Monday, June 6, 2022

Marina Frolova-Walker on 1948 in Soviet music

1948 was a dramatic year in Soviet music; it saw the condemnation of Shostakovich, Prokofiev, Khachaturian, Myaskovsky, Popov, Shebalin and Popov. As Russian music specialist Marina Frolova-Walker notes in the interesting video lecture, above,  the condemnation damaged all of the top composers at the time.

While some elements of the story did not surprise me, I learned many interesting or amusing details. For example, it's well-known that Shostakovich wrote the Song of the Forests to please Stalin, but I did not know that a tune from the work is a popular children's song in Japan. The remarks on what officials had to come up to award the Stalin Prize with so many top composers essentially ruled ineligible also was interesting. I have the video above, but for a transcript and other information, go here. Frolova-Walker is a Russian native but now a professor of music history at Cambridge University. 

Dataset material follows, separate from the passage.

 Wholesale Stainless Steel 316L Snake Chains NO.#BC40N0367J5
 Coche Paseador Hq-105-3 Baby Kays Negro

I would love to see a full list of the works condemned and banned from performance in 1948. I could not find it, the best I could do was this: "A signifcant part of denounced composers and their works are as follows: Shostakovich’s opera The Nose, Symphony Nos. 2, 3, 8, 9 and Second Piano Sonata; Prokofiev’s ballets The Prodigal Son, On the Boristhenes, Pas Dacier and his operas The Flaming Angel, War and Peace, Symphony Nos. 3, 4, 5, 6, Piano Concerto, Fifth Piano Sonata, and a number of piano works; Khachaturian’s Symphonie-Poeme; Mossolov’s Iron Foundry, Newspaper Advertisements; Knipper’s opera North Wind, Tales of a Porcelain Buddha; Shebalin’s Lenin Symphony, Symphony No. 2, the Quartet and String Trio; Popov’s Symphony No. 1; Liatoshinsky’s Symphony No. 2 and songs; Boelza’s Symphony Nos. 1, 2 and songs; Litinsky’s: Quartets and Sonatas; Shcherbachev’s Symphony No. 3, Popov’s Symphony No. 3, Miaskovsky’s Symphony Nos. 10, 13, Third Piano Sonata, Fourth Piano Sonata, etc." (Source).

The video lecture is part of a series although I can't find a handy playlist on YouTube, but this list of videos seems to do the job. There's much of interest at the  official website for Professor Frolova-Walker, although the videos section needs to be updated. 

Apparently her books are must-reads (she even wrote one on the Stalin Prize) and I will hunt them up soon. 


2 comments:

  1. Thank you for sharing this. At the end of this year or the beginning of next year I may listen to a lot of Shostakovich.

    ReplyDelete
  2. On a Russian futurism note, I plan to listen to Shostakovich string quartets all day as I clean up my classroom.